[ASSIGNED TASK]
Return, word for word, the line containing "Hybrid Zucchini Seeds" and every line after it through the last line of the records below.

[Records excerpted from a collection]
————————
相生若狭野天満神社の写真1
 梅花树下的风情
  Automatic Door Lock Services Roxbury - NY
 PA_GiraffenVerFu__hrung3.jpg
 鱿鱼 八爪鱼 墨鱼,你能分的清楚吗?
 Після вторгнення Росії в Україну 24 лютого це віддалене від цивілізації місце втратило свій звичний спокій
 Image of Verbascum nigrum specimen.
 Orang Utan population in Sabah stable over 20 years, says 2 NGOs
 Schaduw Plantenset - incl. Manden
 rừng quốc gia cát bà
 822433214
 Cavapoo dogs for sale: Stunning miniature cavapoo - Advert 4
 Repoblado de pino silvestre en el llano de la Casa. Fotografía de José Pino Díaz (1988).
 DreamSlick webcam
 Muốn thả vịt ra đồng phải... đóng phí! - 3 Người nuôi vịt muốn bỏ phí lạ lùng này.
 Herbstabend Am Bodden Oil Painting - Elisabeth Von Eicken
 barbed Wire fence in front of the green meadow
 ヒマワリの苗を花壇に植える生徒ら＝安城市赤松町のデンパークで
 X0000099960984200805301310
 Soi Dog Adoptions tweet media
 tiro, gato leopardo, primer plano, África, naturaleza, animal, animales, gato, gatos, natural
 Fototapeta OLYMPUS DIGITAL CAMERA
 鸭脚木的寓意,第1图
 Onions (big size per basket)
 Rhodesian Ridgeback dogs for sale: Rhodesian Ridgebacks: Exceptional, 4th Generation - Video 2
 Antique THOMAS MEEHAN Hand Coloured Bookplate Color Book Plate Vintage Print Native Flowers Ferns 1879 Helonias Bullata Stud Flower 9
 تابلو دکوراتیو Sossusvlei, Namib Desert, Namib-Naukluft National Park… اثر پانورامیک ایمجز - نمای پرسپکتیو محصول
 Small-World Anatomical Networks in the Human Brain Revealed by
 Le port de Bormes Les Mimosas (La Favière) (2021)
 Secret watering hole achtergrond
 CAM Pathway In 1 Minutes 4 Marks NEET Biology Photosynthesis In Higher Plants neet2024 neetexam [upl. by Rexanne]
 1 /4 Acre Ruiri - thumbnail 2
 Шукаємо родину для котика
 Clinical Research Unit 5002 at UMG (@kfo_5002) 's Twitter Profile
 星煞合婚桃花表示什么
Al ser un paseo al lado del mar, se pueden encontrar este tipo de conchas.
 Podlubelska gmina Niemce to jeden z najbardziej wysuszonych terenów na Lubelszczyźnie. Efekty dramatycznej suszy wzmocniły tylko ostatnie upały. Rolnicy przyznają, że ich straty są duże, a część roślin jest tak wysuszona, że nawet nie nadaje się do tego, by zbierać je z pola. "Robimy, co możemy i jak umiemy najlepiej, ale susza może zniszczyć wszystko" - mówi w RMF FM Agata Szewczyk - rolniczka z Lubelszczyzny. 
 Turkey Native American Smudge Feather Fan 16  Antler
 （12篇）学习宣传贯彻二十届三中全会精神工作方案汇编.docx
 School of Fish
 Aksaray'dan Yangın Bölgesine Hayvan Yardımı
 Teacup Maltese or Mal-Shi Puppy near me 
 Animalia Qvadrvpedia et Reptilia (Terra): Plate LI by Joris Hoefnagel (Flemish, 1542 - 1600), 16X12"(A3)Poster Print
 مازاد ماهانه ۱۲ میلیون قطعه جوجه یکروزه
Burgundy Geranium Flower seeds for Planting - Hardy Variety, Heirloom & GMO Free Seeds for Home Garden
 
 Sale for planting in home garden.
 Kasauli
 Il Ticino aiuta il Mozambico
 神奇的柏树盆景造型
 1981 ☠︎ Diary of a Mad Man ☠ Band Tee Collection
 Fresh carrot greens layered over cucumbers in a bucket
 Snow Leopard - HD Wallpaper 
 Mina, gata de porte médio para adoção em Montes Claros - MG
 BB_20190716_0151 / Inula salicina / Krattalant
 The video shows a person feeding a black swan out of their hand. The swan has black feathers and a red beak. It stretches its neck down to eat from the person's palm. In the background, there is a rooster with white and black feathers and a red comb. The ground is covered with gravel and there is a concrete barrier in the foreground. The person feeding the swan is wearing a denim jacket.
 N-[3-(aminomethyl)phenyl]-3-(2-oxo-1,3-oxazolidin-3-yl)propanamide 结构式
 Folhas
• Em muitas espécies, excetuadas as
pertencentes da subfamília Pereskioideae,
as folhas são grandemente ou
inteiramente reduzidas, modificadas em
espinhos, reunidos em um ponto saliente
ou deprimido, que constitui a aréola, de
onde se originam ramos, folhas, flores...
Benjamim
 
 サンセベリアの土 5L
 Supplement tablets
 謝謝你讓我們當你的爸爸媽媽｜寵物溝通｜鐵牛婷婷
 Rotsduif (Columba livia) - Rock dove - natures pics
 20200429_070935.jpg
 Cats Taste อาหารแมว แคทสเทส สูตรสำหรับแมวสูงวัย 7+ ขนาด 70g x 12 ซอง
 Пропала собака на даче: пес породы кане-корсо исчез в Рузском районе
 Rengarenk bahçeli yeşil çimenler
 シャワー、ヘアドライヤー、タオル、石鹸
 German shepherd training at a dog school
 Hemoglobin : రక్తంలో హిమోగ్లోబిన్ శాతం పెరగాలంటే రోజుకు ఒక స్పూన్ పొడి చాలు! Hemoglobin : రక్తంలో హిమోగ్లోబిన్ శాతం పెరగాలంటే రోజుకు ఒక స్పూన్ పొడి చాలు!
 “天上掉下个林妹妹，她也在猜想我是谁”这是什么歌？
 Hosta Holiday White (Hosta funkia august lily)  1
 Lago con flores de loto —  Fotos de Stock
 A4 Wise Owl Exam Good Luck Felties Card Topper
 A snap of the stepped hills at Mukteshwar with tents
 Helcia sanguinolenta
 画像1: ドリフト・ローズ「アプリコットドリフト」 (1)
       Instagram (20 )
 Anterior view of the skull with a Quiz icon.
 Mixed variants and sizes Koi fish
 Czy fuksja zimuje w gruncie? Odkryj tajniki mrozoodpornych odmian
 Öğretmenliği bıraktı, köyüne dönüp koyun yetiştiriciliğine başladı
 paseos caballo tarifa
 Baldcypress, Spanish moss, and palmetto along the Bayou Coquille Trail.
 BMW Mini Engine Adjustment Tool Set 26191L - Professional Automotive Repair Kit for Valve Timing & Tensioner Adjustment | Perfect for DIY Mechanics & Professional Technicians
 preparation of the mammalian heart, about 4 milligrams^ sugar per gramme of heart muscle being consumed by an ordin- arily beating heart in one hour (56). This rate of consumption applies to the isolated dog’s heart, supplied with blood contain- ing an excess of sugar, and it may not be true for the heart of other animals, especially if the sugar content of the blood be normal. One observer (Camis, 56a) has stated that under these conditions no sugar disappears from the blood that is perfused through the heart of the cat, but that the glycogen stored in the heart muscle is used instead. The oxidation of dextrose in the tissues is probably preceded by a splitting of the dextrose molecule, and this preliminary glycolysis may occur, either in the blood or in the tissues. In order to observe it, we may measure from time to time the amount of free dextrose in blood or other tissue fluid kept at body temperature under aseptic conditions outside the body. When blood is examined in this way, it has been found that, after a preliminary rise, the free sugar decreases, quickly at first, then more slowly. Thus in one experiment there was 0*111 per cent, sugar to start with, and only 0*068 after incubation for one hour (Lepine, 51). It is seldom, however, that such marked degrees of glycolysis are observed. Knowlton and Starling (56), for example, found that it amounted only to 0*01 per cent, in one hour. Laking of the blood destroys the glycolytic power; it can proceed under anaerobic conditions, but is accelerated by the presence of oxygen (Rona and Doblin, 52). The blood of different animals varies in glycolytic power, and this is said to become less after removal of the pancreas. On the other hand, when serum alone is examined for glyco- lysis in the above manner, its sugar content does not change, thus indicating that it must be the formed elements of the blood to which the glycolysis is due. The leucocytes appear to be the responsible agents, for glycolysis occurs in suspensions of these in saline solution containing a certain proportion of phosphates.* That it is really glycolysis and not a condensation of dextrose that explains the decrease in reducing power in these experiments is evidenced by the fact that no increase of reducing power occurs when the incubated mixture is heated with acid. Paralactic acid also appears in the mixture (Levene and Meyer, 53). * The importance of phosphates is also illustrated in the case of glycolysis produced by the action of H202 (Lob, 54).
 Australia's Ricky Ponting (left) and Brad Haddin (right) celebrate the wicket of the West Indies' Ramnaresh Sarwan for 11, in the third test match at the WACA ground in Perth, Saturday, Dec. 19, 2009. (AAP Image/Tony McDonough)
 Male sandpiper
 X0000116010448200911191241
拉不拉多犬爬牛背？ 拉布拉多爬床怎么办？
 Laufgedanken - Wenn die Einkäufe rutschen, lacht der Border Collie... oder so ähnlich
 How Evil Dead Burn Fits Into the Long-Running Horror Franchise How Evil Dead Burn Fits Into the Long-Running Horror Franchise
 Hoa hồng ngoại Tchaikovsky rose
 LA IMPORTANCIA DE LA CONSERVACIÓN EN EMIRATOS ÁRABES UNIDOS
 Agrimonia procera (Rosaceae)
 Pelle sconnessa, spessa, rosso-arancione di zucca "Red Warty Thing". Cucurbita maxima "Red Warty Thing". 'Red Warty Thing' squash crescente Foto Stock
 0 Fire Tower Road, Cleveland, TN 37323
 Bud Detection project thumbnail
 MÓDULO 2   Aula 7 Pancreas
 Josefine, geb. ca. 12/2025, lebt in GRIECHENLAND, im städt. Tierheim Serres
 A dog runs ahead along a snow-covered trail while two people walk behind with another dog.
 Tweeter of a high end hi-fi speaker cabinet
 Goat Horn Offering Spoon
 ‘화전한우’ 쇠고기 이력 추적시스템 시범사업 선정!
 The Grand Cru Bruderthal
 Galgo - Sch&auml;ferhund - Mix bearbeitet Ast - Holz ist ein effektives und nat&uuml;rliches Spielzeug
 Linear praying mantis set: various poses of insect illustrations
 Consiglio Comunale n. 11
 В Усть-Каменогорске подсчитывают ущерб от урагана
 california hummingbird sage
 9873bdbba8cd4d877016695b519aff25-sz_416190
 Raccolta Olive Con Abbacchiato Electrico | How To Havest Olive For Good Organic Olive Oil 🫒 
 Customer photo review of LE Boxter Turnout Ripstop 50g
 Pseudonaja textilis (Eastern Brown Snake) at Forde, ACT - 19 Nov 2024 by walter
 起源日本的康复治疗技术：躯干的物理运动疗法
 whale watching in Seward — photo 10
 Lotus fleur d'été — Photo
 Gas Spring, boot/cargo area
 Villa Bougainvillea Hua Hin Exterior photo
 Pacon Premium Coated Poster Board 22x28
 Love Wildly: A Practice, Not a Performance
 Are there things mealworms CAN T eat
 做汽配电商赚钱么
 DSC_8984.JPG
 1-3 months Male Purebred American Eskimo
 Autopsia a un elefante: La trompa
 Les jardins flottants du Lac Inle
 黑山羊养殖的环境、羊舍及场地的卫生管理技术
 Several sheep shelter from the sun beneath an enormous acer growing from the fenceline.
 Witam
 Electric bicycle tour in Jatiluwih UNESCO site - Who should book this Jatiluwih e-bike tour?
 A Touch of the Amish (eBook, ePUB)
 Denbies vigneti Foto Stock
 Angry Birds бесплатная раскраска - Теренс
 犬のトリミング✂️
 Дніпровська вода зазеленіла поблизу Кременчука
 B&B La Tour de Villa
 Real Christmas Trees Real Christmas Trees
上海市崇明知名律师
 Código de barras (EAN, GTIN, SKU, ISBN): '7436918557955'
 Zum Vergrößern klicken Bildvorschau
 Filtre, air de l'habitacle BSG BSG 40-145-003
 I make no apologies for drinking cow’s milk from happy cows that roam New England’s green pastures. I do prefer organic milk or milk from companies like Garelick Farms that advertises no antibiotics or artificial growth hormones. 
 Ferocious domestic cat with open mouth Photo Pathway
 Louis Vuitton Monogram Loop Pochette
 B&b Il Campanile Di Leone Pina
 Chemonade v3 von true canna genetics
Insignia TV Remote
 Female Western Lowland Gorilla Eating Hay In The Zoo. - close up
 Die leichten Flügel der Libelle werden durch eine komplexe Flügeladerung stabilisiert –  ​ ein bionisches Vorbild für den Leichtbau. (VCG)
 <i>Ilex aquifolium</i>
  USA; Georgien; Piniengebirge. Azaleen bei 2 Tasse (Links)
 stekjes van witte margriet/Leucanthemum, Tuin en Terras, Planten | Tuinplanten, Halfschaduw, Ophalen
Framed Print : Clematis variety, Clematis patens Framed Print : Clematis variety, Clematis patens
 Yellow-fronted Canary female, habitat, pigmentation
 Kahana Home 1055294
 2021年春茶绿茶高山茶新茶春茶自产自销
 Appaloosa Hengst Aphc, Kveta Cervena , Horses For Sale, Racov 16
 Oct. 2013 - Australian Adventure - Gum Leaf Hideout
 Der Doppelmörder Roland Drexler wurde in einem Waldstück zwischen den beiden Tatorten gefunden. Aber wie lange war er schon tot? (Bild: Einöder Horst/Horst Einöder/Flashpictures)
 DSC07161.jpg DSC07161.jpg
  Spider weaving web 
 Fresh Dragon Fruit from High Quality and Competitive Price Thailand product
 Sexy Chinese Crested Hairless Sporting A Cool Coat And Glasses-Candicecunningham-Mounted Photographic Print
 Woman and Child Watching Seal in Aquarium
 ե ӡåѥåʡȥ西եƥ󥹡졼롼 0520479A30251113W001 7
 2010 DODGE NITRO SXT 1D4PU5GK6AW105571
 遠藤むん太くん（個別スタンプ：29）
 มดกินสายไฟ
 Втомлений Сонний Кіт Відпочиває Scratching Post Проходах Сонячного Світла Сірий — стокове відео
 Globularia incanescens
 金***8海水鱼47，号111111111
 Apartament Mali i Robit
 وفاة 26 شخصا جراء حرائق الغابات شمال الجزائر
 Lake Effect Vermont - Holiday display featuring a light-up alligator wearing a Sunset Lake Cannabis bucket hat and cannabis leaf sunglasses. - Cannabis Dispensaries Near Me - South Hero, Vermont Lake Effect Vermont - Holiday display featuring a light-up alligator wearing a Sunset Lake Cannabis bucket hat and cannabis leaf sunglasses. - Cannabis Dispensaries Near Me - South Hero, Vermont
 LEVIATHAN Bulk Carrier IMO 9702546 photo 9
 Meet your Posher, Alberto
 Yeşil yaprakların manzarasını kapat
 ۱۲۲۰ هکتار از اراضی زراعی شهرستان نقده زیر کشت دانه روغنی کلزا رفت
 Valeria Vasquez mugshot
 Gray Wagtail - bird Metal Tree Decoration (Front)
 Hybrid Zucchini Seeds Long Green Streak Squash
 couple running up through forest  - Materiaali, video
————————
[WRITTEN RESPONSE]
 Hybrid Zucchini Seeds Long Green Streak Squash
 couple running up through forest  - Materiaali, video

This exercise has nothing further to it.